The Central Bank of Egypt (CBE) has said that portfolio investment flows directed to emerging markets (EMs) will witness a slow and uneven recovery in favour of regions with the strongest economic recovery.
This comes as the global economy and global trade movement is expected to undergo a recovery starting from 2021.
In its financial stability report, issued on Tuesday, the CBE affirmed that the financial system has seen a high level of stability over the past few years. At the same time, the economic performance also witnessed an improvement due to the success of Egypt’s economic reform programme between 2016 and 2019.
The CBE said that the domestic financial system’s stability and the improvement of the country’s economic performance contributed to an Egyptian economy immunised against all internal and external disturbances. This has been particularly useful during the novel coronavirus (COVID-19) pandemic, when there were severe global repercussions.

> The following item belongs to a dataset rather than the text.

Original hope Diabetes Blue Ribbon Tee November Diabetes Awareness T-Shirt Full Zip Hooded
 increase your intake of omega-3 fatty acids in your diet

Egypt’s positive domestic economic stability has also helped reduce the possibility of systemic risks affecting the financial system’s stability.
The ability of the economy and the banking sector to absorb the consequences of the coronavirus pandemic on foreign currency resources has contributed to reducing pressure on the exchange rate, the CBE report added.
It has also lowered market risks for the banking sector, alongside reduced foreign capital fluctuations. This has, in turn, strengthened financial stability without resorting to macro-prudential policy.
The CBE added that the coronavirus outbreak led to a slowdown in many economic activities, and the exit of portfolio investment flows from EMs. This came about as a result of the high level of uncertainty, and thus the positive expectations of global economic and financial conditions were reflected in negative expectations.
“The Egyptian economy was able to contain the reversal in portfolio investment flows thanks to its relatively stable sources of foreign currency, and the formation of a large net foreign currency reserve, which amounted to $45.5bn in February 2020, and enabled it to respond to the consequences of the crisis by using $5.4bn in March 2020,” the report read.
The report added that the formation of net foreign currency assets in the banking sector helped contain the sudden exit of portfolio investments, as net assets recorded inflows of $8.5bn in January to March 2020.
“The net foreign exchange reserves continued to decline in April and May to absorb foreign currency needs,” it said, “However, net international reserves rose in June 2020 to record $38.2bn due to the reversal of flows directed to emerging markets, the Egyptian government’s issuance of international bonds in May 2020, and the country’s acquisition of a loan from the International Monetary Fund (IMF).”
It also said that the banking sector’s enjoyment of high rates of local currency liquidity led to its ability to increase its share of treasury bills’ balances, in conjunction with the exit of foreign investors from the local market. This contributed to reducing the impact of foreign capital fluctuations on the returns of Treasury bills (T-bills) and sources of financing the budget deficit.